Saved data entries
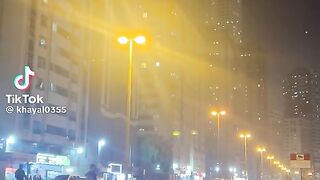 Amazing rain in night of the Karachi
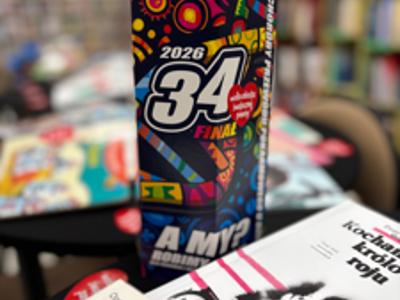 puszka WOŚP w bibliotece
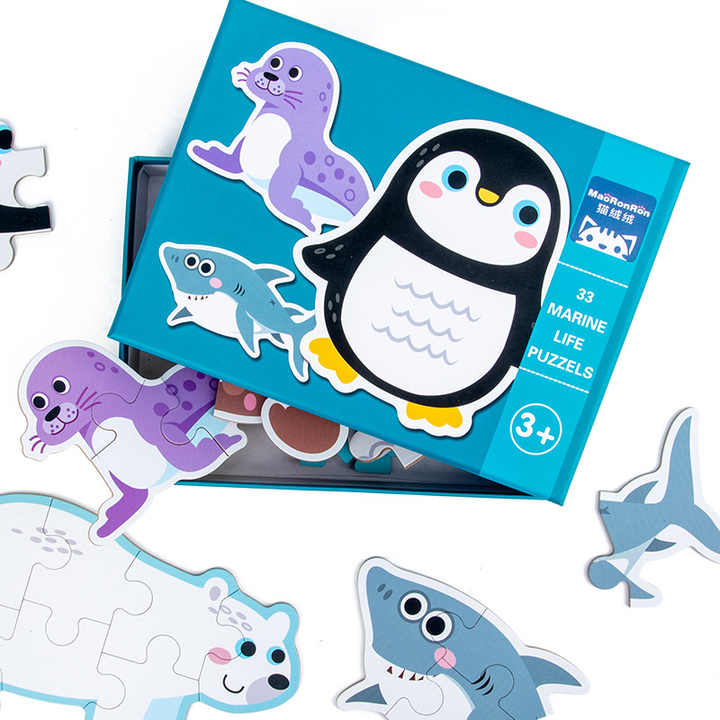 Wooden Learning Card Puzzles Game Early Educational Game. 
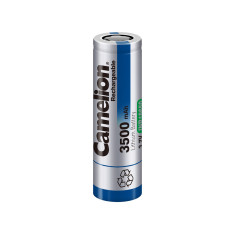 Аккумулятор, CAMELION, ICR18650-3500, Lithium, 3,7V, 3500 mAh, 1 шт., Блистер, Серебристый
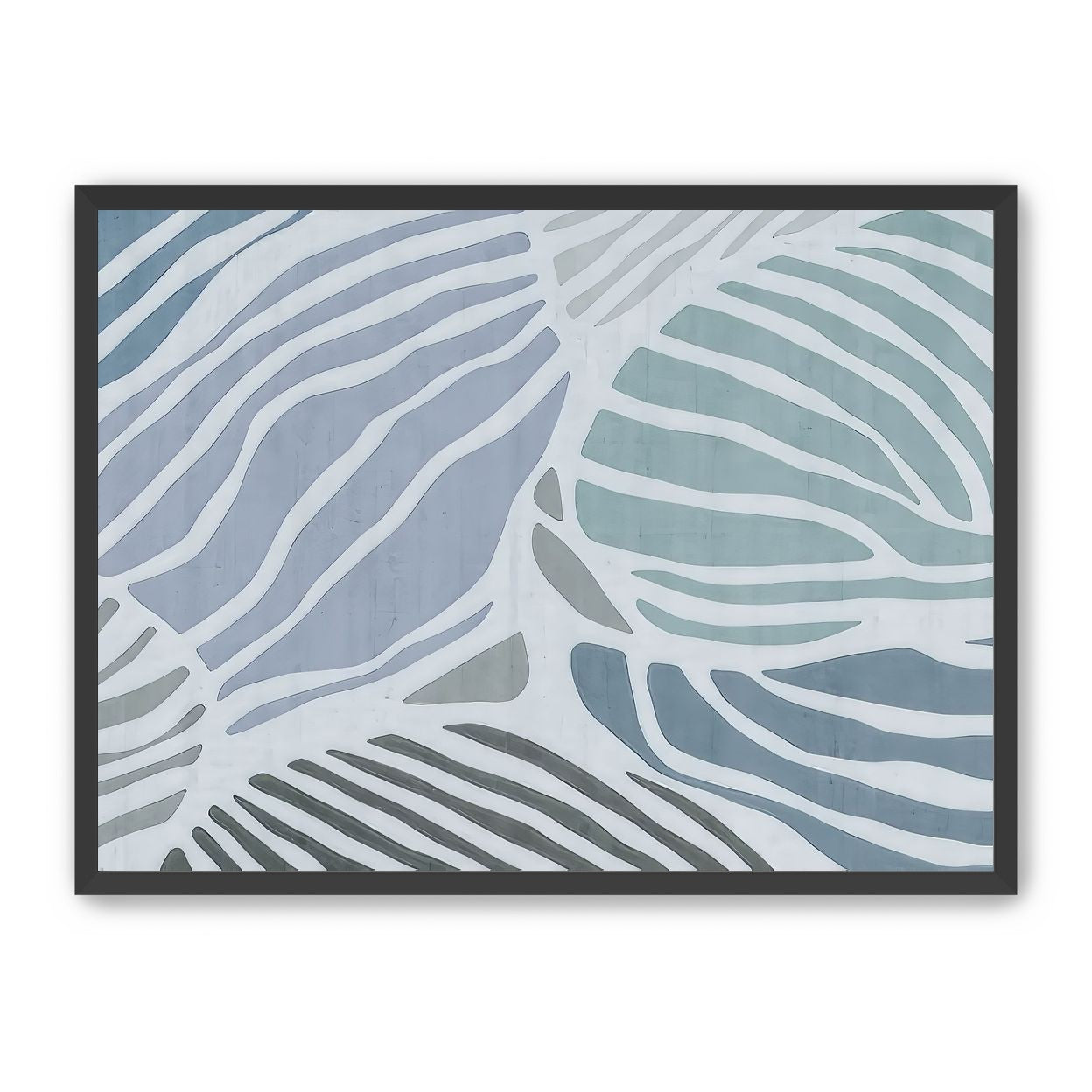 Graphic Leafs, Blue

About this task
Skip every image and output the remaining records exactly.

Solution
 Amazing rain in night of the Karachi
 puszka WOŚP w bibliotece
 Wooden Learning Card Puzzles Game Early Educational Game. 
 Аккумулятор, CAMELION, ICR18650-3500, Lithium, 3,7V, 3500 mAh, 1 шт., Блистер, Серебристый
 Graphic Leafs, Blue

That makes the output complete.